# This was the last thing I expected!



## Epi-do (Jul 3, 2007)

I had a long night at work last night, so I get home and take a nap.  When I wake up there is a voice mail on the phone.  I listen to it and the first part of it is cut off, so I don't have a clue who it is that called.

A little bit later, I check my cell phone and find a voicemail on it.  Check the vm, and it is one of the guys from work.  He wants me to call him.  Also says he left a message on my home phone, so that mystery is solved.

I don't think a thing about it, and assume it has something to do with the ambulance.  
	

	
	
		
		

		
			





  I give him a call back, and boy was I wrong!!

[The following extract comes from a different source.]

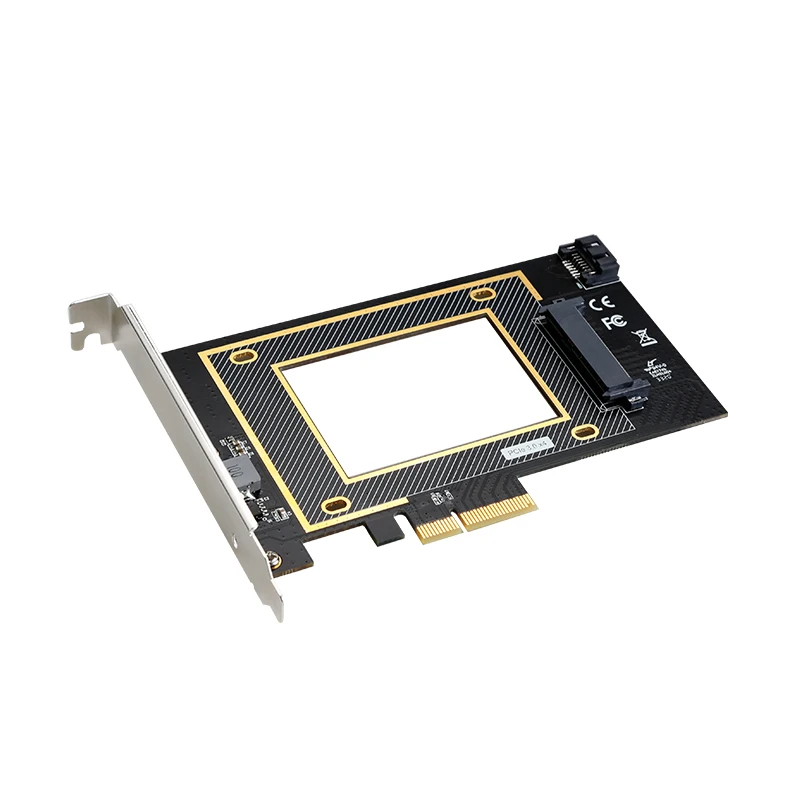 Unidade PCIe4X para U.2 SFF8639 para placa adaptadora de host PCIe X4 Componentes de computador com suporte para SSD M.2 (NVMe e AHCI)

After some very brief small talk, I ask him what is up, and the reply I get is, "Would you want to go out sometime?"  My response was, "Excuse me?"  He repeats himself, and asks if I would like to go on a date sometime.  
	

	
	
		
		

		
		
	


	




The only thing I could think to say was, "I don't think my husband would approve of that."  I was met with complete silence, followed by, "Sorry, I didn't know.  I had no idea at all," and he quickly got off of the phone.  
	

	
	
		
		

		
		
	


	




Now, for the record, he has been around when I have talked about my husband, so I am not sure what he thought that relationship was about.  Furthermore, with the exception of this past week, I do wear my wedding ring at work. (I lost one of the smaller stones and had to have it replaced.)  Leads me to believe that he isn't very bright, isn't very observant, or just doesn't care.  After spending a small amount of time with the guy at shift change in the mornings, I feel pretty certain that it isn't the third one on that list.  
	

	
	
		
		

		
		
	


	




I called my husband at work afterwards and told him about it.  At least it gave him a good laugh.


----------



## Ridryder911 (Jul 3, 2007)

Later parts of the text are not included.